Direct Mail Copy That Counts – Eliminate Meaningless Words

Posted on by in direct mail

Every word on a direct mail piece should count and have meaning. Customers have a very short attention span, so you have to grab them within the first few seconds, and hold them long enough to get your message across. That is why you must select your words carefully. The duty of any professional writer is to eliminate clichés, and use language that surprises and interests the reader. In Direct Mail terms, this means avoiding words that are overused. If a person encounters particular words or groups of words enough times, they will become a cliche and have no meaning to them.

The two general rules for improving your direct mail copy are:

Be Specific: If you write something down, ask yourself “who, what, where, when, why” as in “Who said that, why is that good, where is this going to work, why should you pay attention”.

Be Selective: If you write a word down, and it does not fit, get rid of it. There is no point making assertions that you are the best unless you can be specific. Any words that are on a page that don’t appeal and increase awareness of your product are just taking up space.

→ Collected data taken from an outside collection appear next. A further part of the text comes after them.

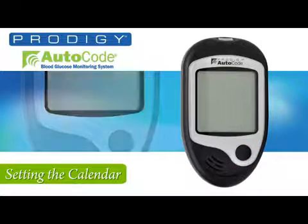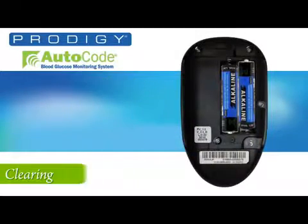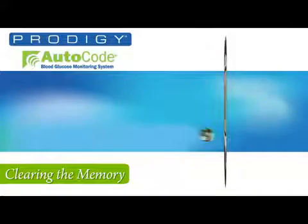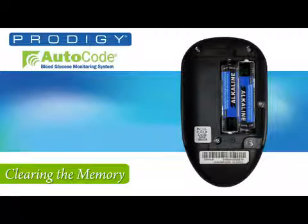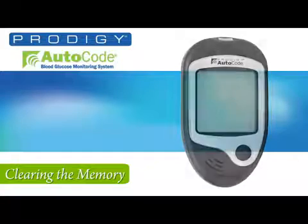The final step before you get started using your meter is to once again press the set button. If you want to clear and delete all of the records, press the M button. If not, simply press the set button one more time and the meter will shut off, retaining your information. Now snap on the back and you're ready for the final steps to start using the meter.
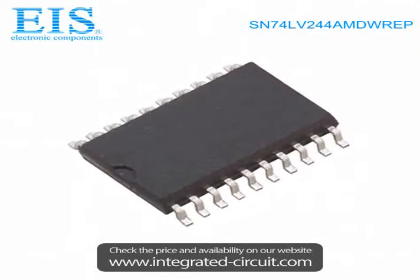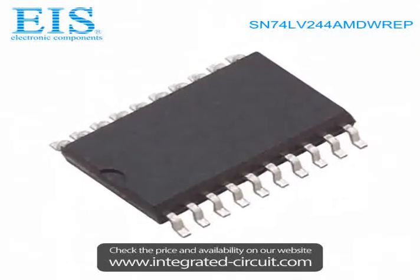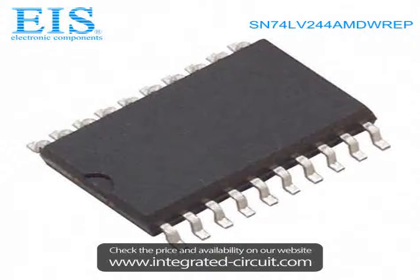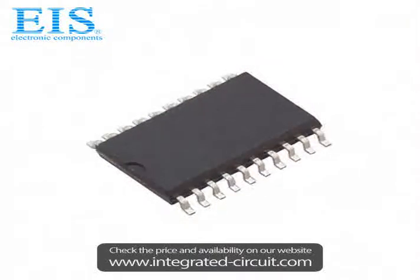Hello, this is Tams from Excellent Integrated System Limited. We are a professional stocking distributor of electronic components. We have many components in stock which can be shipped immediately after order.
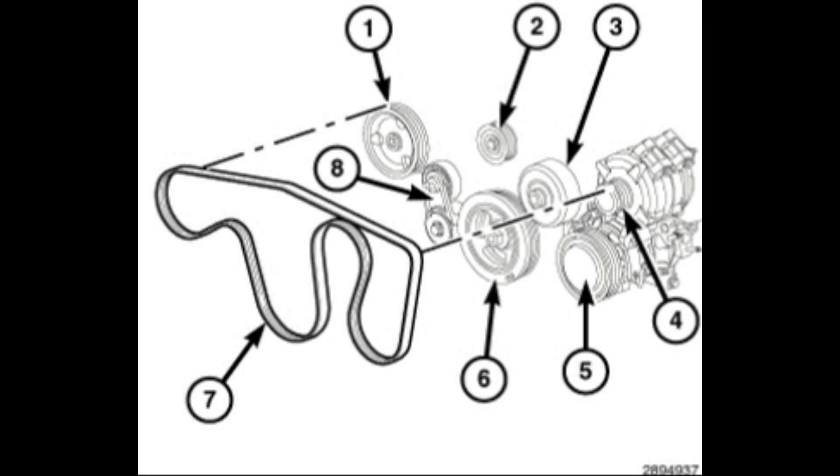All right, as promised, here's your belt diagram showing you where to route the belt. Just take your time, follow the procedure. It's pretty cut and dry.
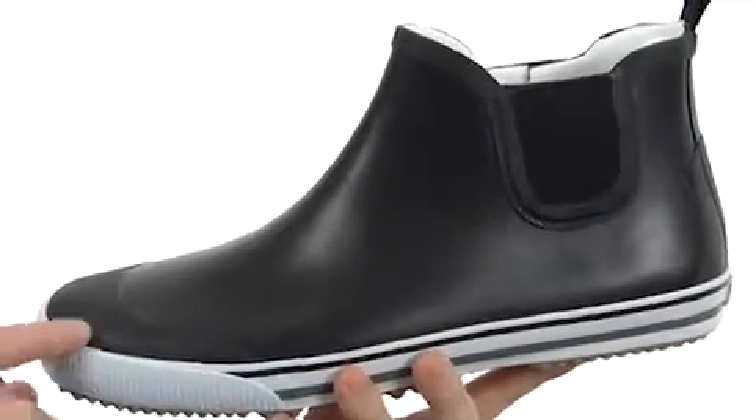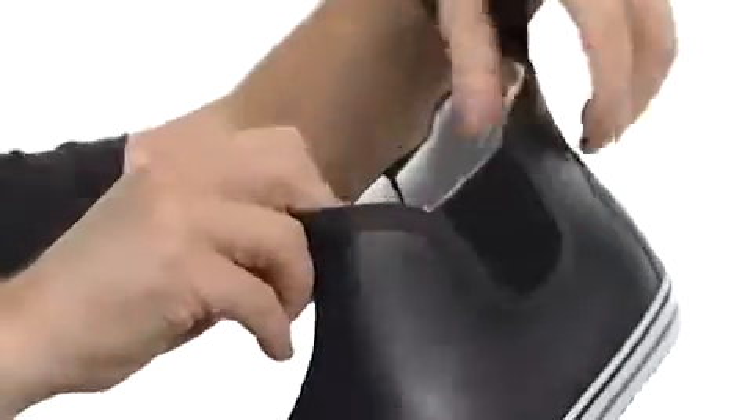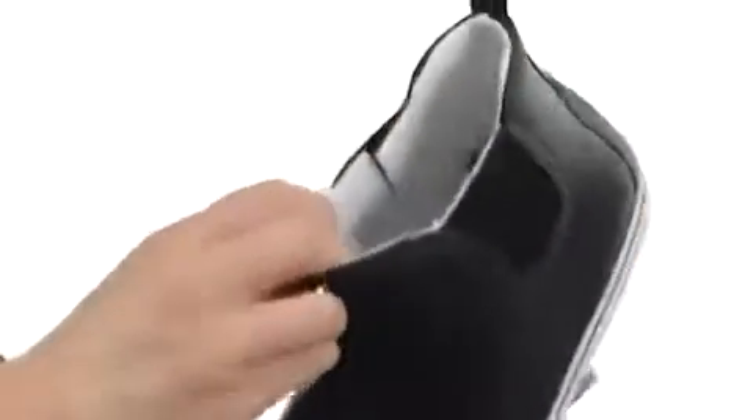This boot features 100% waterproof natural rubber on the upper. You've got the stretch opening on the side so you can slide in and out very easily. The lining is super soft, and the bed is going to be removable as well. You can see you do have some added cushioning right there.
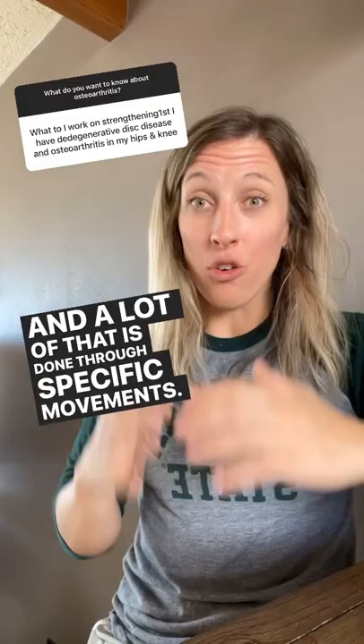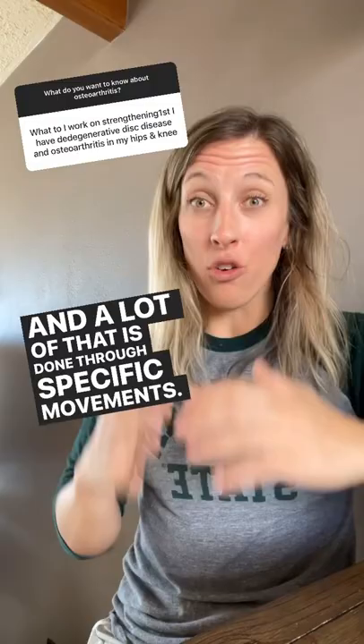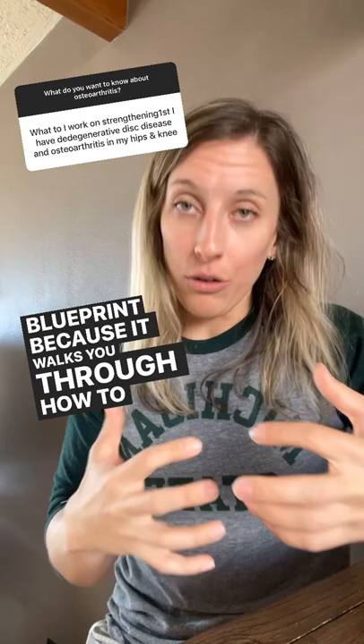A lot of that is done through specific movements, and that's why I have created the Arthritis Adventure Blueprint, because it walks you through how to find these asymmetries.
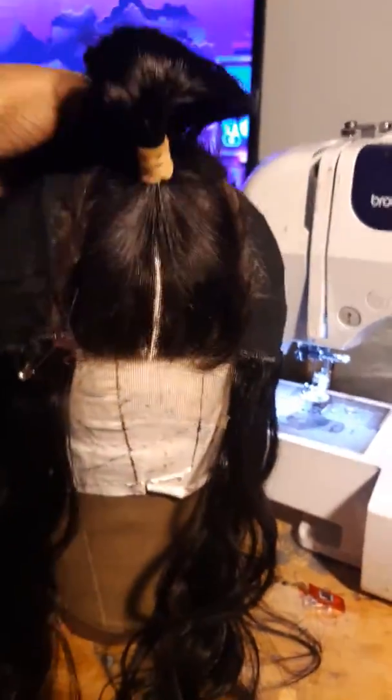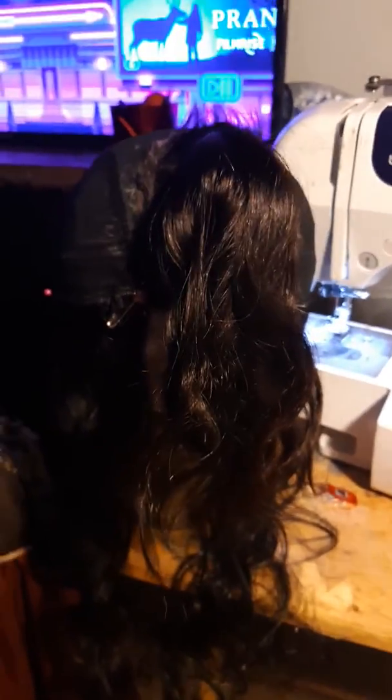The next time you guys see this wig, it will be totally created. Thank you guys for tuning in — that's the steps I would take. God bless, bye bye!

Here are some words to avoid, and some suggested replacements;

Premier, Premium, Best, Greatest, Top Quality – These words are empty. They do nothing for the reader and only really make the owner of the company feel better. If you say that you are the best, who are you measuring yourself against? Why are you the best? These words can easily be replaced by easy to understand technical terms that explain why people should buy your product. If you are selling food, it might be that you source only local ingredients or that your product is 100% organic. If you are a plumber or carpenter, it might be that you offer a “lifetime guarantee” or that your tradesmen are “on time or your money back”. Even explaining the make up of your product is better than these words.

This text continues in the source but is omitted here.